Modern Western society has placed us in the middle of an unpleasant paradox. On the one hand, those organisations that watch us know far more about us than we would like them to know.

‘They’ – as we call them because we don’t know who ‘they’ are – are aware of where we shop and what we shop for, and they know not just our spending habits but our income; they apparently know all about us.

Yet the more these ‘somebodies’ out there know about us, the less they seem to care. Our problems are dealt with by call centres half a world away; we endure messages from robotic voices trying to convince us that they ‘value our custom’; and we receive computer-generated letters overflowing with synthetic friendship: ‘Dear Reverend John, we would like to inform you of a wonderful opportunity for you and your family.’ We are known both too well and too little.

In the days ahead I want us to look at Advent, the season of preparation for the coming of Christ. And look at the experience of individuals in the Bible’s account.

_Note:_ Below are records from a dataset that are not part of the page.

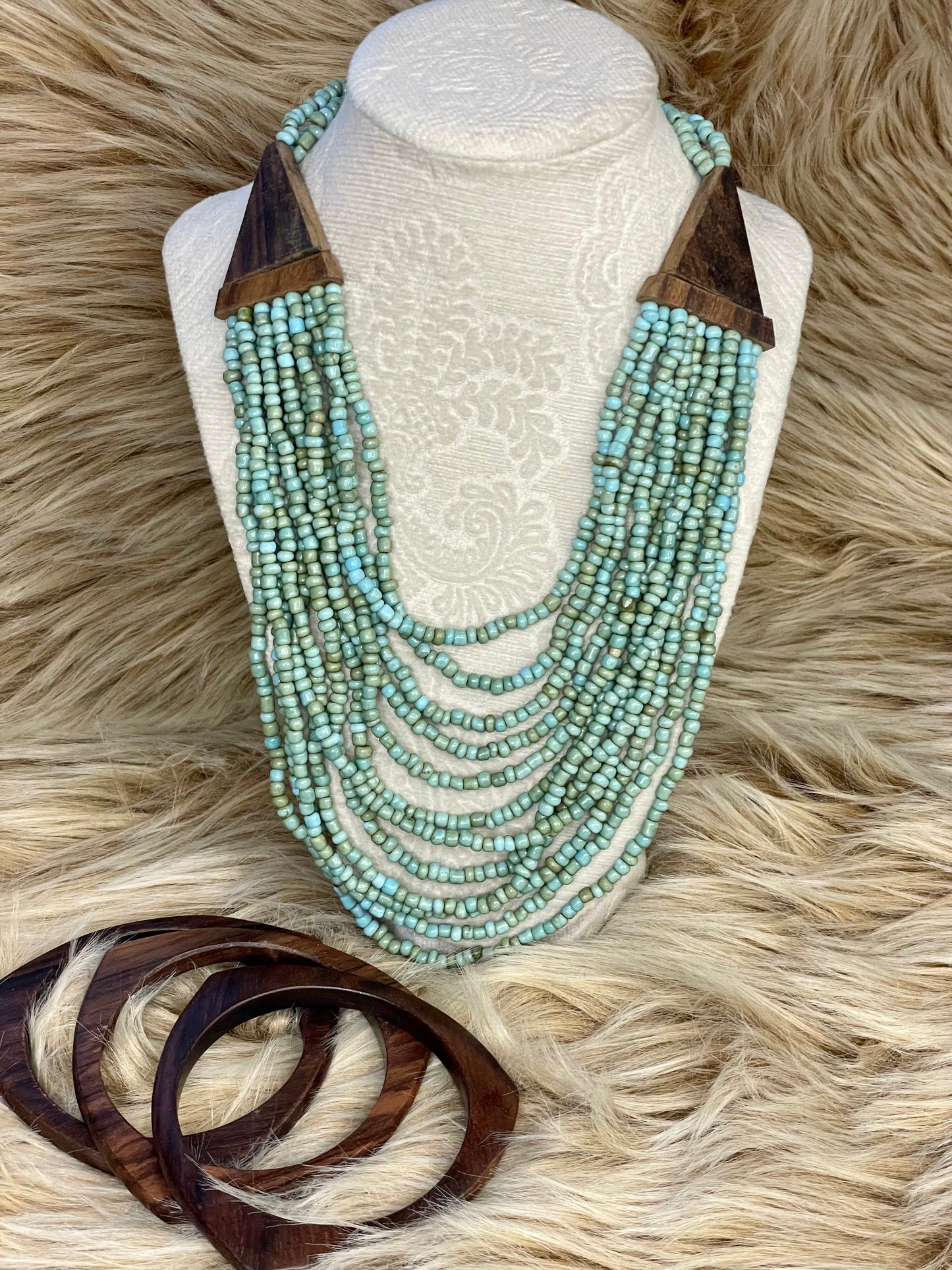 Turquoise Beads Layers Necklace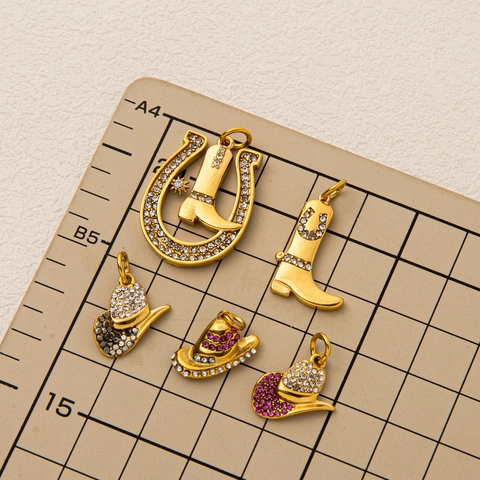 Stainless Steel Western Cowboy Hat Boot Horseshoe Charm Pendant 18K Gold Plated Rhinestone DIY Jewelry Making Accessory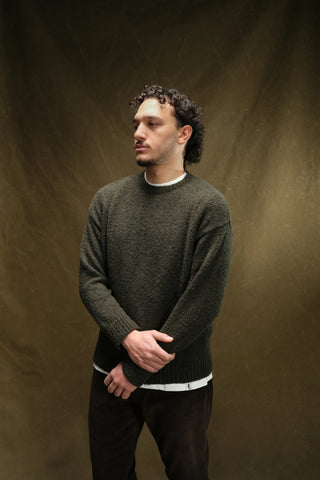 Bouclé Crew Neck Knit Sweater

What we call the Christmas story is full of men and women. Some of them walk onto the pages of Scripture and then – after a brief moment – they walk off. Others that feature more prominently, such as Mary and Joseph, are those you would expect to hear about; others are less well known and some are, perhaps, surprising. But all are relevant. God is love and doesn’t just care about the human race in general but about people in particular. And that includes you and me.